Biomechanical Review: Gary Kubiak

Gary Kubiak is a coach who blends a technical approach to the QB position with a complementary offensive scheme.  When Mike Shanahan and Alex Gibbs brought the zone-blocking scheme to the NFL, Kubiak (as Shanahan’s QB coach) added a specific way of playing QB to this scheme, designed to maximize vertical throwing accuracy.  His technical approach enabled many QBs in the Shanahan/ Kubiak ZBS to play more effectively than might be presumed by their general talent level.

 

What is Gary Kubiak’s innovation?  Let’s first take a look at the ZBS as described by Ted Bartlett

The running game and short/intermediate passing game are decidedly horizontal in nature, with a goal of making defenders chase the action from side-to-side, and then killing them with misdirection.

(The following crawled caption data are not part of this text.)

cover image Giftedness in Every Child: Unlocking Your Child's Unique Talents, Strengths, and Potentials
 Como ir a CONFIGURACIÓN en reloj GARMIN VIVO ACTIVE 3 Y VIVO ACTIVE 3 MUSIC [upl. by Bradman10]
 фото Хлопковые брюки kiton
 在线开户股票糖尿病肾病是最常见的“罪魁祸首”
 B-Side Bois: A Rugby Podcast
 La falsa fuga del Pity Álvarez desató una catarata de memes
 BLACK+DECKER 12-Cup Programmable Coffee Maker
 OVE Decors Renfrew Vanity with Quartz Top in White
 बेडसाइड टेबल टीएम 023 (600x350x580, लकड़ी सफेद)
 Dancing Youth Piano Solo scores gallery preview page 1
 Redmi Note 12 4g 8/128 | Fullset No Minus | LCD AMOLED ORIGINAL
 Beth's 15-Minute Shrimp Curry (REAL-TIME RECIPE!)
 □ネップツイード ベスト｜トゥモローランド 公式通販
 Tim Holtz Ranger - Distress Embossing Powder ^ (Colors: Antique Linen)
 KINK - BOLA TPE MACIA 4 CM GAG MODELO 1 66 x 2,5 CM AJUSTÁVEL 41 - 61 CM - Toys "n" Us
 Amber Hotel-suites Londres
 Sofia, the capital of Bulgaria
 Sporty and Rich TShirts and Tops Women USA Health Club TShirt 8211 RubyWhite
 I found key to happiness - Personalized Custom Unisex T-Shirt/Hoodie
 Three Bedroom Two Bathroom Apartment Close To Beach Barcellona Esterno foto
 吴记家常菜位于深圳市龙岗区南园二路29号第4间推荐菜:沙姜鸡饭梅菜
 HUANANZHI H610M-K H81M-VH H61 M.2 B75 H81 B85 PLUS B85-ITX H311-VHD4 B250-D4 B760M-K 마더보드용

The passing game isn’t particularly timing-based,[…] and on base downs, it mostly relies upon half-field high-to-medium-to-low reads off of bootleg action.

With the initially horizontal action, Shanahan’s scheme puts a lot of defenders out of position to the wrong side of the field, and then attacks the guys staying at home vertically.

So the QB, having brought the defense to one side of the field via a play that is blocked exactly like a wide-zone running play (the base play in the Shanahan/ Kubiak playbook), boots to the other side of the field and attacks vertically on that side. The defense is out of position (assuming the run is being respected), and the QB only needs to read half the field and throw vertically to whichever depth presents an open receiver.

Gary Kubiak added specific throwing techniques to this half-field passing attack, to enhance vertical accuracy (particularly while throwing on the run, off of boot-action).  Given Kubiak’s biomechanical profile as a player, he likely derived these techniques from his personal experience as a QB.

Gary Kubiak’s QBs consistently show a particular biomechanical pattern when playing in his scheme- they borrow from their lateral posterior areas, torquing their bodies in the direction of the throw.  Essentially, they guide their throw down the field by using the outside of their body (on the throwing side) as a sling. Even QBs with somewhat underdeveloped posterior areas (a description that not-so-coincidentally fits Gary Kubiak) can tune their vertical accuracy by turning their bodies into the throw (starting from the feet).  This technique, unlike natural throwing efficiency, is able to be practiced, relying on precisely-guided footwork. So it is a very effective technical tool, particularly for QBs who are more efficient in their lateral areas (again, like Kubiak himself)- they are able to borrow from their favored lateral areas (the outside of their bodies) to make accurate vertical throws on the run.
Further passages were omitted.